True, except that they made the decision almost a year before the surge began, and they had far less help than the year next. What Obama said is correct, and it has been clear for some time that McCain is clearly not the expert he claims to be, and has far less knowledge than Obama of, what’s that word — yes! — facts!

Pragamatist
Pragamatist
12 years ago

Or, as many observers have noted, the military’s policy of paying the Sunnis to fight al-Qaida resulted in the Anbar Awakening. No doubt, the soon to be deployed surge played a major role, but it was hardly the only factor. Why is Obama’s nuanced view of the mulitple factors that likely cause a complicated effect like reduced violence so troubling for you?
Is it that you prefer McCain’s simple explanation of more troops, end of story? That seems a very naive view of how the world works in complicated situations. But all of this surge debate is really a side show.
The debate should be about the decision to start this war in the first place. On that, the two candidates’ positions are clear. And on that point, the American people overwhelmingly support Obama. So it is no surprise that McCain focuses not on that point, but on the “surge”.
As for the other relevant question — what to do now — it seems that McCain (and Maliki, and Bush) now agrees with Obama that a withdrawal in the coming year or so is reasonable. Seems like Obama was right on the two questions that matter the most.

OldTimeLefty
12 years ago

A hearty second to johng and Pragmatist. Justin, you keep looking at only a piece of the situation, and not surprisingly, only the piece that you like. If you had any integrity you’d present the full, or at least a fuller picture. Couple this with your pic of Obama with a cigarette in his mouth and then your recant or admission to disguising the truth. Lie (prevaricate, exaggerate) to make a point and then recant. What a cheap trick! It only goes to show that you have no real argument to make. Give us a little Sgt.
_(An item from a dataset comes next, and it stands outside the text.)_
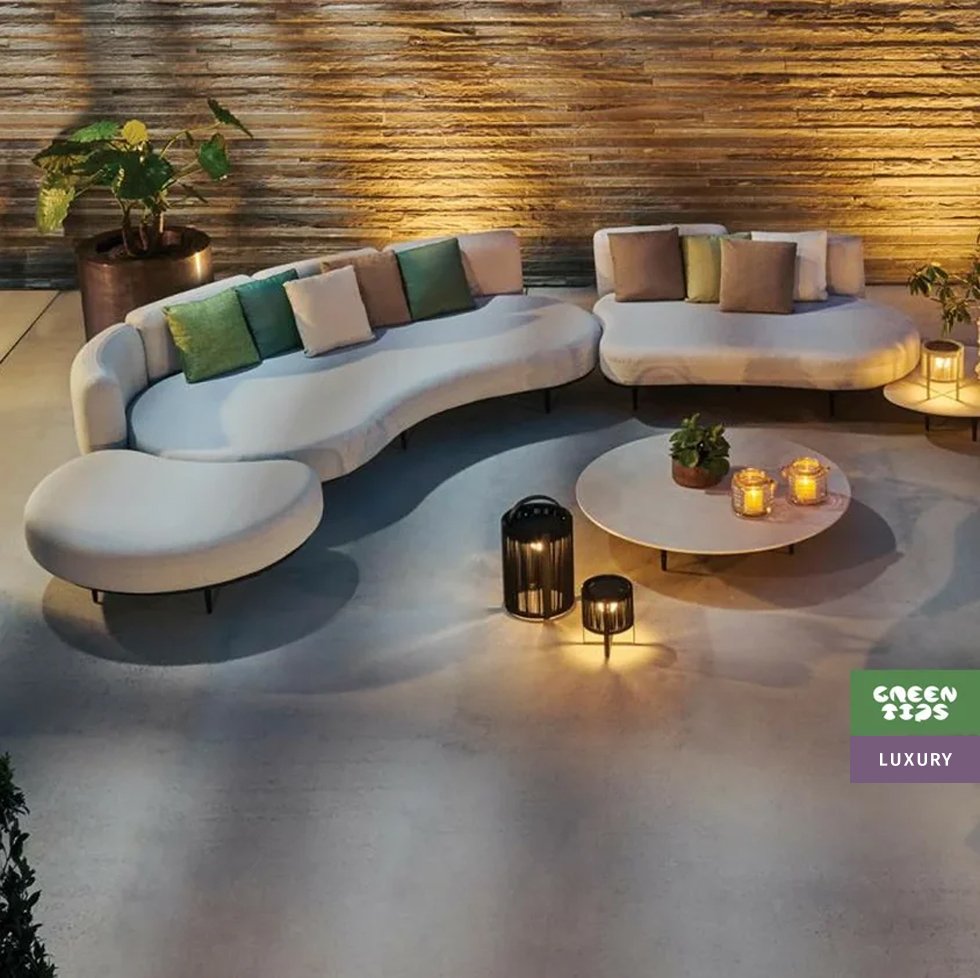 Комплект мебели Organic Lounge из двух симметричных диванов и низкого стола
Friday and just stick to the facts.
OldTimeLefty

David
David
12 years ago

There are beneficiaries of $4 gasoline that we Americans may want to consider and see as the proverbial gift horse. Iraq , with newfound wealth from soaring oil prices, is showing signs of stabilization. Iraqi citizens, through no fault of their own, have endured a hellish life of war, violence, and deprivation. Finally they are seeing some improvements in the most basic of human needs. The Iraqi government, with its new oil wealth, has begun asserting itself with its neighbors like Iran and also with the US . Could this presage an end to American military involvement in Iraq ? A stronger and wealthier Iraq could be a major factor in regional politics, and, in doing so would aid American interests. Not the narrow agenda of the present administration but the wider interests of the American people. Recent reports that the major western oil companies have signed agreements with Iraq confirm the fact that $4 or maybe $5 gas is the inevitable price for peace.
I don’t think the surge had much to do with the present situation. The solution in Iraq was always going to be political- ie local- maybe corrupt- incomplete.

Richard
Richard
12 years ago

Must reading on Iraq, the surge, and the meaning of everything. It is from the Los Angeles Times, so some of you might want to get out whatever it is you use to ward off evil (liberal)spirits. You could put Fox News on in the background! But please read, and reconsider your knee-jerkedness. Because too many have died for too little. Yes, what follows are 2 different points of view! Yes, you are still reading Anchor Rising! DUST-UP Are we winning in Iraq? David B. Rivkin says all signs point to a dramatic turnaround for U.S. forces. Joseph Cirincione says the war has been among the greatest disasters in U.S. history. July 28, 2008 Today’s question: Violence in Iraq has dropped sharply. Can we finally say we’re winning the war? Under what circumstances can the U.S. declare victory? All week, Rivkin and Cirincione debate Iraq, unilateral war and more. The U.S. can win, but Iraq isn’t the only battlefield Point: David B. Rivkin The situation in Iraq has improved dramatically as a result of the surge, innovative counterinsurgency tactics and improved outreach by U.S. forces to local elites. The level of violence is drastically reduced, and so is the U.S. casualty rate. Al Qaeda in Iraq is reeling. Its leadership has been decimated; its ability to mount major operations has been considerably reduced; and, according to Al Qaeda’s own internal communications, the terrorist organization is having serious trouble attracting and motivating new recruits. Further, Al Qaeda’s plans to create a state in Iraq’s Sunni heartland are in shambles, and its reputation for prowess in the jihad has suffered. That so many of Iraq’s Sunni tribes have allied themselves with U.S. forces in a movement dubbed the “Sunni Awakening” strikes a particularly severe blow to Al Qaeda’s attempt to pose as… Read more »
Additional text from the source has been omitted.